Does the 2024 Reform Mean I Don't Need IMAT Anymore?
This is the single most common confusion, so let's settle it directly: no. Italy did overhaul its medical admissions system, replacing the old Italian-language entrance test with an open "filter semester" (semestre filtro) where students start classes and are ranked on first-semester exam performance instead of a single entrance test. But that reform applies specifically to Medicine programmes taught in Italian. It does not touch the English-taught track. If you're planning to study medicine in English in Italy, IMAT remains the mandatory, unchanged selection method for the 2026/27 intake and beyond.
How the IMAT Exam Actually Works
- 60 multiple-choice questions, each with 5 options, completed in 100 minutes flat.
- Section 1 — Reading Skills and General Knowledge: 4 questions.
- Section 2 — Logical Reasoning: 5 questions.
- Section 3 — Biology: 23 questions (the single largest section — this is where marks are won or lost).
- Section 4 — Chemistry: 15 questions.
- Section 5 — Physics and Mathematics: 13 questions combined.
- Scoring: +1.5 for every correct answer, 0 for a blank, and −0.4 for a wrong answer — so blind guessing has a real cost.
- Maximum possible score: 90.
How You're Actually Ranked (This Confuses Everyone)
IMAT is not a cutoff exam where a fixed score guarantees a seat. It's a national ranking: every candidate gets a score, all scores are sorted into a list, and seats are offered top-down until they run out. Crucially, non-EU candidates are ranked on a separate list from EU/Italian candidates, competing only against other international applicants for the specific non-EU seat quota at each university. The minimum score to appear on the Italian/EU ranking is 20 points; for non-EU candidates, the technical minimum is simply any score above zero — but in practice, competing for a real seat requires far more than the bare minimum. If two candidates tie, Italy breaks the tie using this exact order: Logical Reasoning score, then Biology, then Chemistry, then Physics and Mathematics, then English-language certification, and finally age.
2026 Key Dates You Cannot Miss
- Universitaly pre-enrollment (mandatory for all non-EU applicants): opens a couple of months before the exam — this is also what triggers your Declaration of Value paperwork, so start early.
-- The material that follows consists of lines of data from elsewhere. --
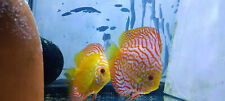 Discus fish water for sale  AIRDRIE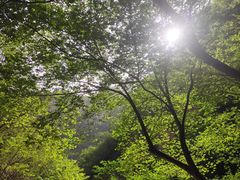 -北京上方山国家森林公园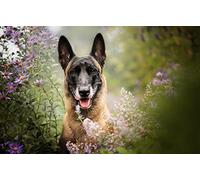OZLHSP christmas puzzles for kids jigsaw puzzle 500 piece Belgian Shepherd Animals 52x38cm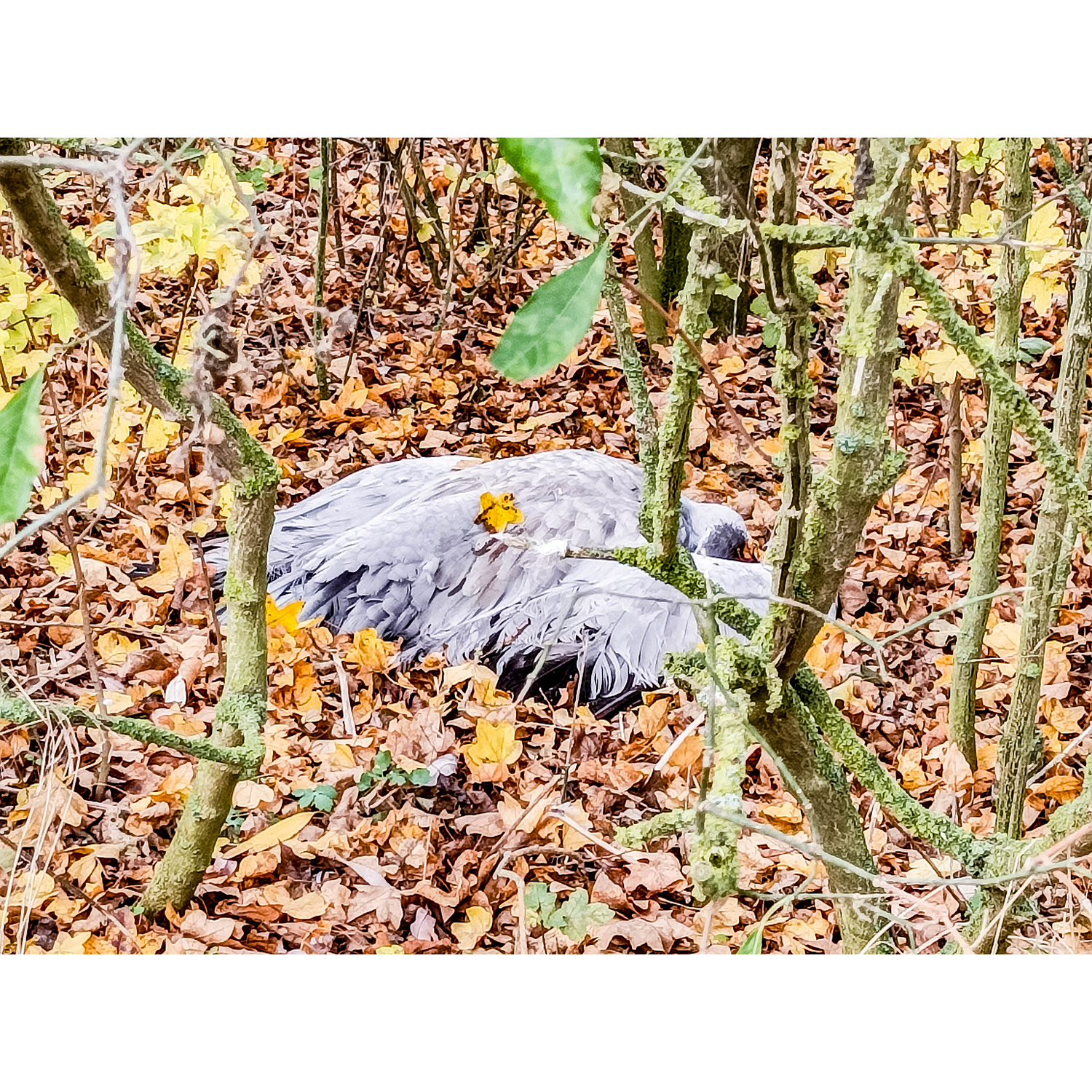 19-Goldene Aue - Kelbra - Ex-Trasse Kyffhäuser Kleinbahn - Blick nach Südwesten auf toten Graukranich in Richtung Helmestausee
- IMAT registration and exam fee payment (~€130): closes in early September 2026 — your test-centre seat is confirmed only once payment clears.
- IMAT exam day: 30th September 2026 (revised from an earlier proposed date of 8th October — always double-check universitaly.it for the final confirmed date closer to the exam).
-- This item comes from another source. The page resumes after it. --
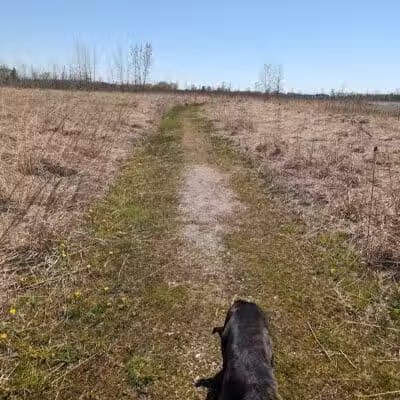 Wetzel State Recreation Area - New Haven,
- Test centres in India: New Delhi and, in some years, Chennai — seats are limited and first-come, first-served. If Indian centres fill up, applicants must travel to Dubai, Turkey, or Italy itself to sit the exam.
Do I Need NEET AND IMAT? (Yes — Here's Why)
This trips up almost every applicant, so here's the clean version: NEET and IMAT do two completely different jobs. Under NMC's FMGL Regulations, every Indian student who wants to eventually practice medicine in India must hold a qualifying NEET score (just the minimum qualifying cutoff — not a competitive rank) to be eligible for the NMC's foreign-medical-graduate pathway later. NEET does not get you a seat in Italy — IMAT does that. Think of NEET as your ticket to practice in India after you graduate, and IMAT as your ticket into an Italian medical school right now. You genuinely need both, and your NEET qualifying score stays valid for three years, so a NEET clear from 2025 or 2026 both work for a 2026 IMAT application.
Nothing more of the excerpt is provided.